When is it enough or is it never. It seems people just love to come to these sites and brag how they killed 865 snows or whatever in 5 days and posts all the pictures of 150 birds on the ground. There is no way you can eat and gift all of these birds IMO. Some may think it looks impressive but to me the pictures just look like a big pile of birds with the Kill Kill Kill mentality. I guess we all have a different view of what a hunt is and what hunting means to us. To me killing is not that important and neither is bragging about it and letting everyone know I got them. My guess is alot of people would just get killing if they could get rid of them and try and keep rationalizing why they could keep killing.


----------



## shooteminthelips

Recker you sound like a guy that doesnt kill that mean birds. I guess this because you say that someone couldnt gift that many or eat that many. That must mean you have have never shot that many or never had the opertunity to try. What is the differance if someone goes out in the spring and kills 350 in the spring in one day. or 350 in the fall over 4 days? You make it seem like we just go out and shoot geese, to just to shoot geese. We work hard for them and enjoy every aspect of goose hunting. Or we wouldnt go to Canada and hunt for a couple weeks every year. Just because we shoot a limit every day doesnt me we dont like the little things. It just means we got lucky a few days in a row!


----------



## recker

I have shot plenty of snow geese. I have friends will access to all kinds of private land in SD and yes I kill some in the spring.
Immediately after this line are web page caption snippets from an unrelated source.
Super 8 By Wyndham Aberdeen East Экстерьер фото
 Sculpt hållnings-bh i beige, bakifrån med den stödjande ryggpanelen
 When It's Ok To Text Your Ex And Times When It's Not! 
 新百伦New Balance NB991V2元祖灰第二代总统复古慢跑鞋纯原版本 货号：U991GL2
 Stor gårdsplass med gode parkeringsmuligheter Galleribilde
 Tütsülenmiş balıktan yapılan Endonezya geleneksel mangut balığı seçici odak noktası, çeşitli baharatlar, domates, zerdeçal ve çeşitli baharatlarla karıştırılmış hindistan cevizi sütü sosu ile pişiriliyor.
The difference between you and me is I do not need my ego stoked by continuing to kill until the bitter end. I know you want to hear it so yes you are the MAN. You got em man when others came back to the motel with only ten. I did nor realize it was a competition but you get first price. LOL! It is a wonder Americans get a bad name in Canda.


----------



## teamshakeandbake

KILL KILL KILL i shot 865,000 snows last week all by myself!!!! stir the pot a bit :beer:


----------



## BB

For the guys who are against guys shooting 100's of snows, are you against spring regulations? unplugged guns, calllers, no daily or possession limits in some states.


----------



## hunt4P&amp;Y

Once again Shootum'.... seems like every reply you have is.... Seem like the type that doesn't shoot many birds....

As far as the "big trailer" Honestly "Your Big Trailer" isn't that big. I have a 48 footer out back that you can roll up there with next year. You should be able to fit a few more SS's in there!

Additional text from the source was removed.